Klassenerhalt? Kein Problem
Der türkischstämmige Korkut, ein ExKickers-Spieler, der 2011 für ein Jahr die U19 des VfB betreute, war also gefühlt nur die Lösung Nr. 12 in Stuttgart, zu den Alternativen äußern wollte sich Reschke bei dessen Vorstellung allerdings nicht, im Gegenteil: „Wir freuen uns, dass wir eine Lösung gefunden haben, von der wir alle total überzeugt sind“, sagte der 60-Jährige über die erste Trainerverpflichtung seiner Laufbahn. Der Ex-Kaderplaner des FC Bayern berichtete, Korkuts Meinung von der Mannschaft – ihre Probleme, Stärken, die Lösungsansätze – hätten ihn überzeugt. Welche das sind, ließ Korkut offen. Er wolle nicht an vielen Stellschrauben drehen, sagte er und outete sich ansonsten als Berufsoptimist: „In meiner Karriere habe ich viele brenzlige Situationen erlebt“, sagte er: „Dort herauszukommen, hat mich gestärkt. Ich weiß, dass es steinig werden kann. Aber ich sehe gar kein Problem, dass es mit dem Klassenerhalt klappen wird.“
Diesen Optimismus hatte Hannes Wolf offenbar nicht mehr: „Er sagte mir nach dem Spiel, ihm fehlten momentan ein paar Prozent, vielleicht erreiche er nicht mehr alle Spieler. Und fügte hinzu: Wenn ihr das Gefühl habt, das ihr reagieren müsst, habe ich Verständnis“, berichtete Reschke. Und Reschke, der Wolf nach der Niederlage in Mainz zu dessen Unverständnis diskreditiert hatte, reagierte, klar.
Für Reschke, aber auch den machtbewussten, kompromisslosen Dietrich, der den Aufstiegsmanager Jan Schindelmeiser zu Saisonbeginn zum Unwillen der Fans abgesetzt und Reschke installiert hatte, dürfte es die letzte Patrone sein. Längst ist jegliche Aufstiegseuphorie in Stuttgart weg, ebenso wie die Helden der 2. Liga – zuletzt war Torjäger Simon Terodde an Köln verkauft worden. Scheitert das Experiment mit Korkut, dürfte es in der 2. Liga erneut einen kompletten Wechsel der Führungsspitze setzen.

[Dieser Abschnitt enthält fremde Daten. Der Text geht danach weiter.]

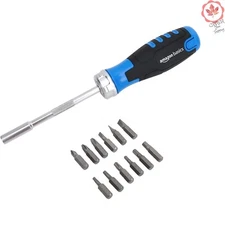 Versatile Compact Ratchet Screwdriver - 12-in-1 - Non-Slip Handle - 12 Bits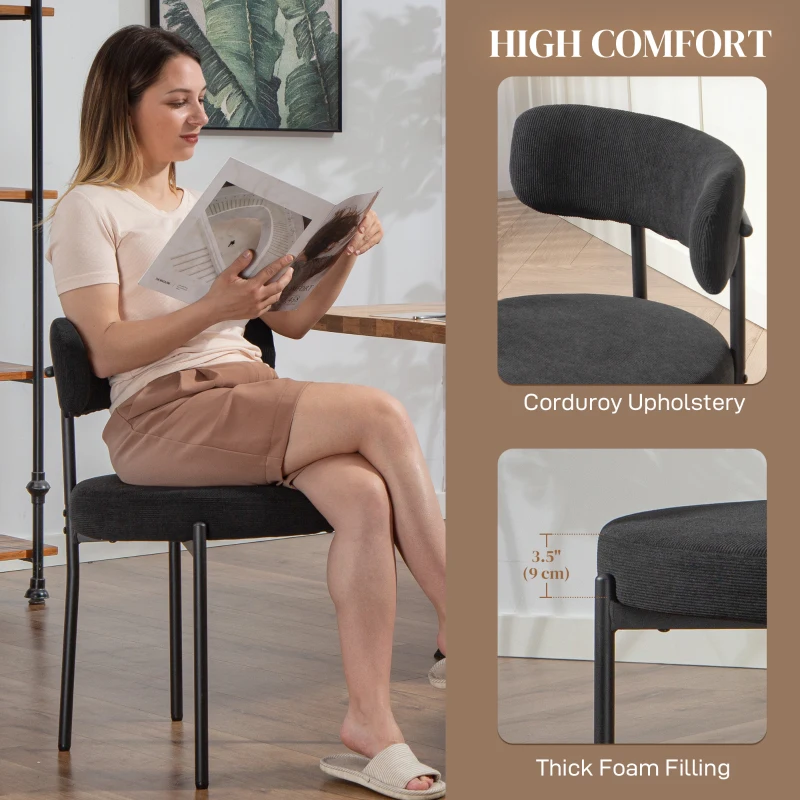 HOMCOM 4 Pieces Kitchen Chairs, Modern Dining Chairs w/ Corduroy Upholstery and Steel Legs for Living Room, Black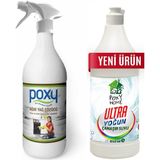 Poxy Ağır Yağ Çözücü 1 Lt & Ultra Yoğun Çamaşır Suyu Limon Kokulu Konsantre 1 Lt - 1 kg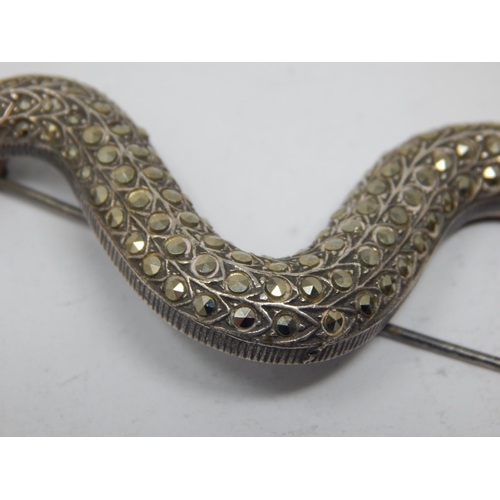 183 - Very Large Hallmarked Silver & Marcasite Set Snake Brooch: London 1989 by MG Ld: Length 17.5cm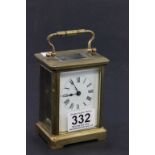 19th Century brass cased carriage clock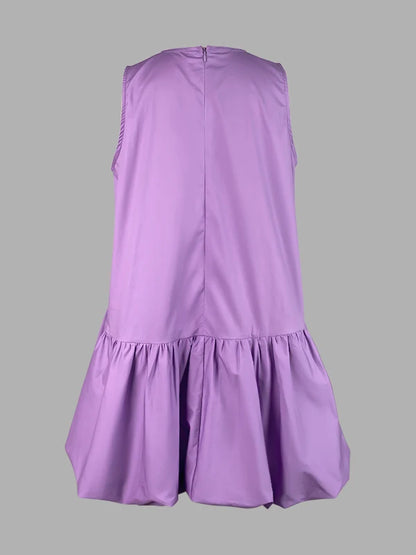 Krisstargirl femmes été bulle Mini robe 2025 taille haute sans manches jupe évasée coton robes courtes décontractées pour femme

Die Mehrheit im Netz jedenfalls misstraut nicht nur Korkut, sondern auch dem früheren Bahnsprecher Dietrich: „Er hat den Stuttgarter Bahnhof nach unten gebracht, und jetzt den VfB“, meinte ein Fan. Und in einer „Kicker“Umfrage gaben 60 Prozent dem Vorstand die Schuld an den VfB-Problemen – nur sieben Prozent Wolf.
Wie sehr auch die Mannschaft an ihrem Trainer hing, sah man an der Reaktion der Spieler. Reihum kondolierten die Spieler via Facebook bei Hannes Wolf. „Vielen Dank, dass Sie an mich geglaubt haben, für die Chance, die ich bekommen habe und dafür, dass ich dank Ihnen ein besserer Spieler geworden bin, der jetzt wieder für die Nationalmannschaft spielt“, schrieb Verteidiger Marcin Kaminski. Tayfun Korkut tritt ein schweres Erbe an.